Everyone else got the “Honorable” treatment, down to the Board of Equalization members. But just so Shelley didn’t have to feel bad, Núñez subsequently did the same “Mr.—oops!—Honorable” thing with Insurance Commissioner John Garamendi, who, as far as Bites knows, isn’t about to be hauled before a legislative committee and grilled about alleged improprieties.
So, at least Shelley was spared one embarrassment …
She’s a man, baby: Even in these uncertain times, all of us still can agree and even take comfort in the fact that there is, surely, but one Condoleezza Rice. The only national security adviser to refer to the president as “my husband,” Condi faced a tough interrogation this week by Senator Barbara Boxer at her secretary-of-state confirmation hearings. (Anybody notice what cojones Boxer is showing now that she’s been re-elected for another six-year term?

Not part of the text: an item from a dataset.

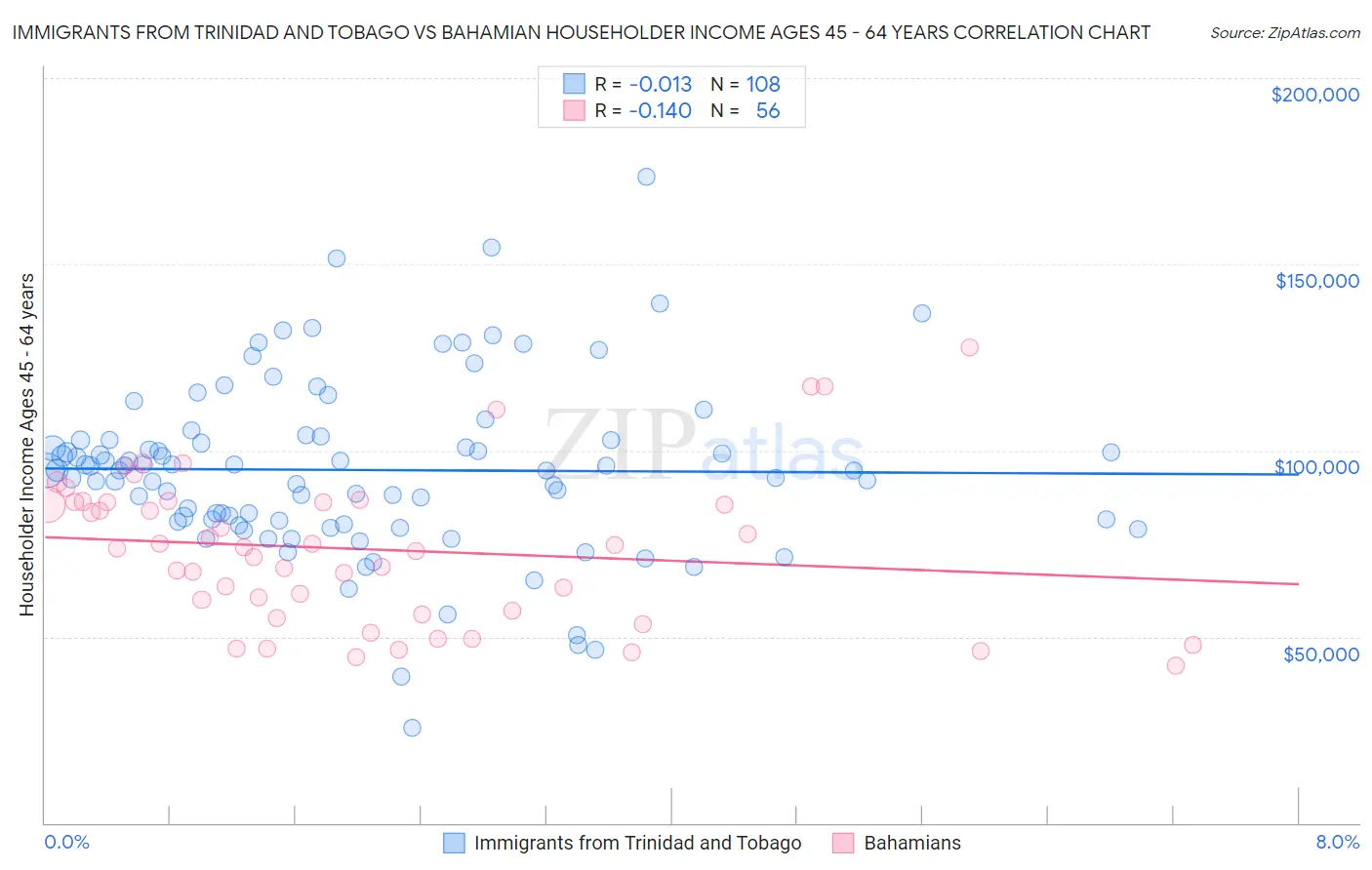 Immigrants from Trinidad and Tobago vs Bahamian Householder Income Ages 45 - 64 years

Too bad Dianne Feinstein, who’ll be up for re-election next year, isn’t exactly backing her colleague.) So, upon hearing that a Condi imitator would be appearing at Christine Craft’s “Coronation Protest” on Thursday, Bites was intrigued. Who could possibly take on such a role? Will she and the Bush impersonator be smooching it up on the podium like their real-life counterparts? Inquiring minds had to know.
And that brings us back to the whole cojones thing. It turns out Craft’s search for the perfect Condi ended up with her finding a man for the job, one who was willing to transform himself into the good Dr. Rice with help from his personal stylist. Craft told Bites that “Heidi”—whose real name is Mike—will apear in full Condi regalia, complete with pageboy haircut and 5-and-a-half-inch stiletto heel bondage boots.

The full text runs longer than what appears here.